La maraña normativa argentina es un verdadero desafío para el juez y para el abogado. Y, entre tantas incoherencias, es fácil imaginar que se filtran oportunidades de interpretaciones distintas, de negocios sin mucho fundamento y, también, una gran dosis de inseguridad jurídica o de arbitrariedad del gobierno de turno.
En los años noventa, el Congreso nacional encomendó la elaboración del Digesto Jurídico -una suerte de compendio en el que se compilaran todas las normas vigentes-, que comenzó a gestarse en el Ministerio de Justicia y en la Facultad de Derecho de la Universidad de Buenos Aires en 1999.
Algunas de las 26 ramas del derecho, plagadas de miles de normas, no pudieron todavía ser finalizadas.
La elaboración del Digesto Jurídico -proyecto que está perdiendo actualidad, si no se finaliza rápidamente y el Congreso lo aprueba- permite descubrir una telaraña de incoherencias e imprecisiones.
En la Argentina, hubo y hay de todo, y este desorden viene desde el siglo XIX.
Si bien las leyes y, en general, todas las normas, para ser obligatorias deben ser publicadas previamente en el Boletín Oficial, en la historia argentina hubo decretos que jamás se imprimieron en esas páginas. No pretenda, entonces, que se hayan publicado todos los anexos, que a veces se refieren a contratos millonarios.
Fue posible, también, descubrir normas casi idénticas.
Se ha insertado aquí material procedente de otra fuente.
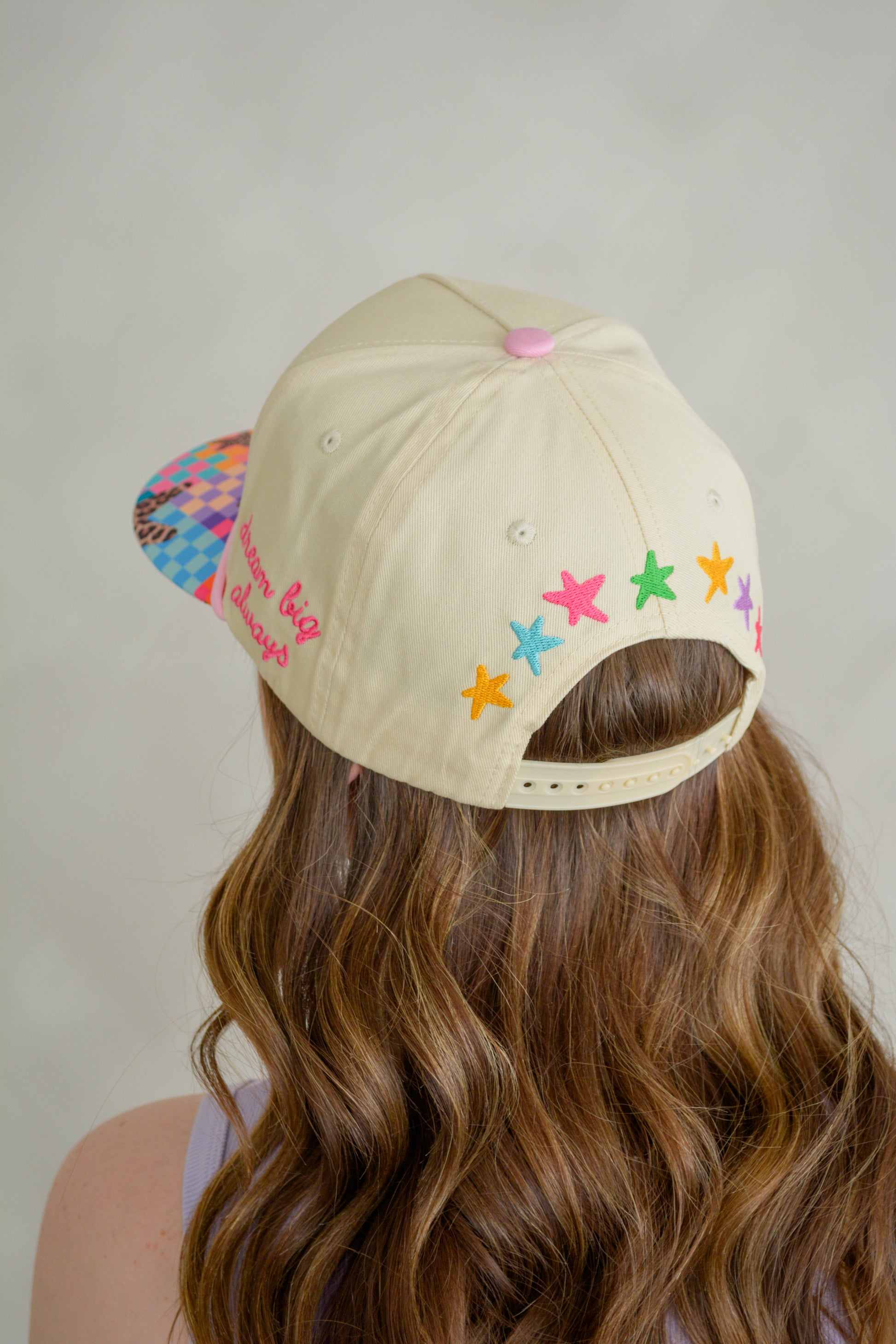 Poppy & Pine "What’s The Best That Could Happen" hat featuring a casual, stylish design with a curved brim and adjustable strap.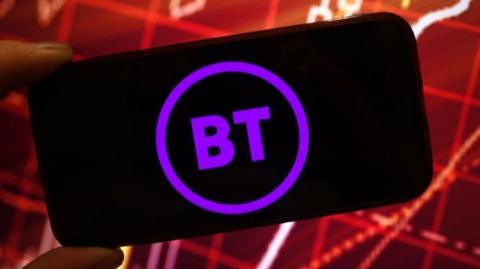 The purple BT logo of the letters "BT" inside a circle is seen on a smartphone being held in landscape. Behind it is a stylised bar chart with red lines on a darker red background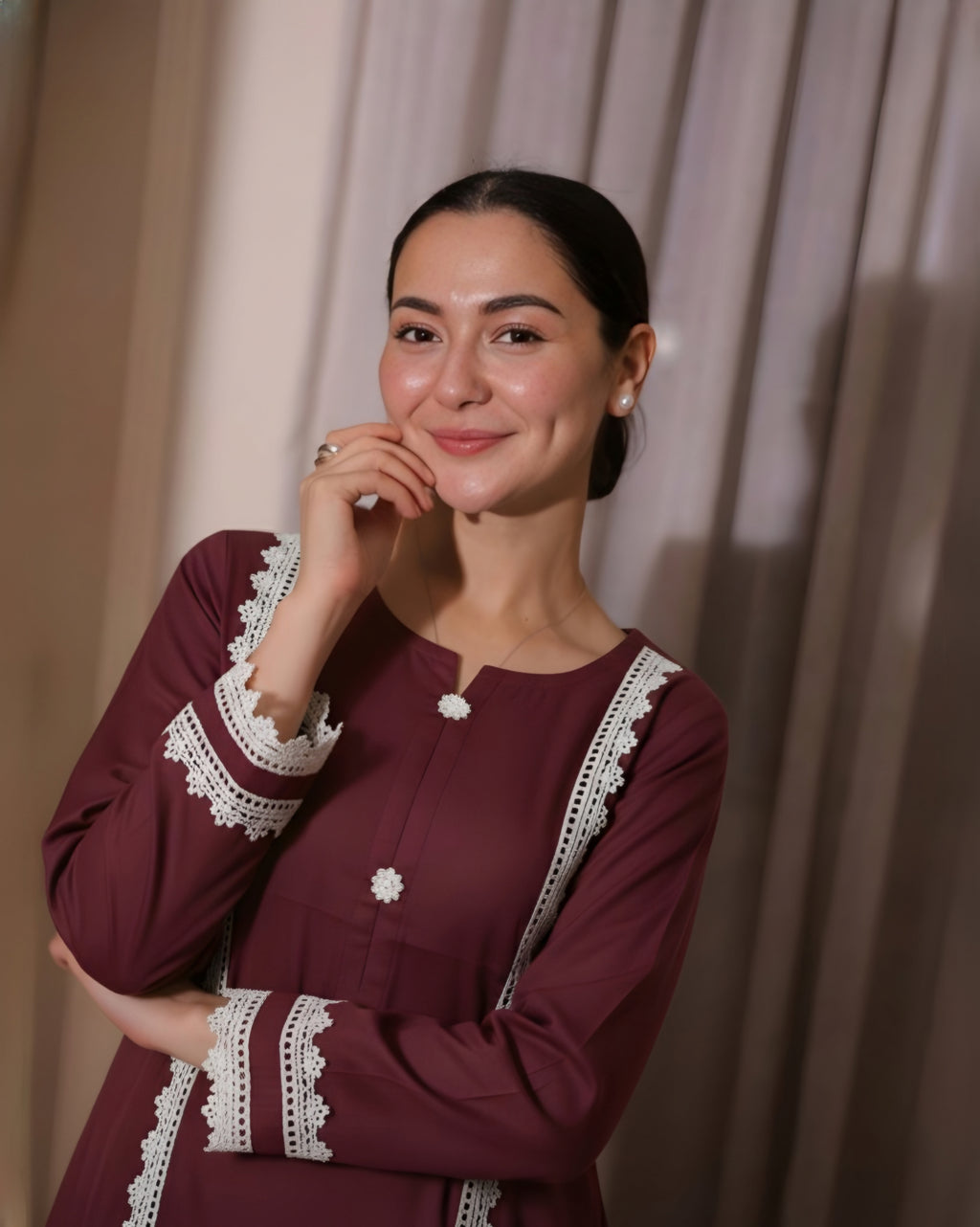 Woman wearing a maroon dress with white lace details against a beige curtain background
La lógica jurídica dice que una ley posterior deroga a la ley anterior sobre la misma materia.
Pero en la Argentina hay algunas normas que, siendo tan similares, parecen fotocopiadas y, sin embargo, conviven a lo largo de los años. ¿Por qué? Para colmo, cada una de esas normas permitió desarrollar fuertes negocios empresarios, obviamente distintos. Inexplicable.
También es frecuente ver que hay resoluciones que contradicen y derogan decretos, o decretos que desconocen leyes.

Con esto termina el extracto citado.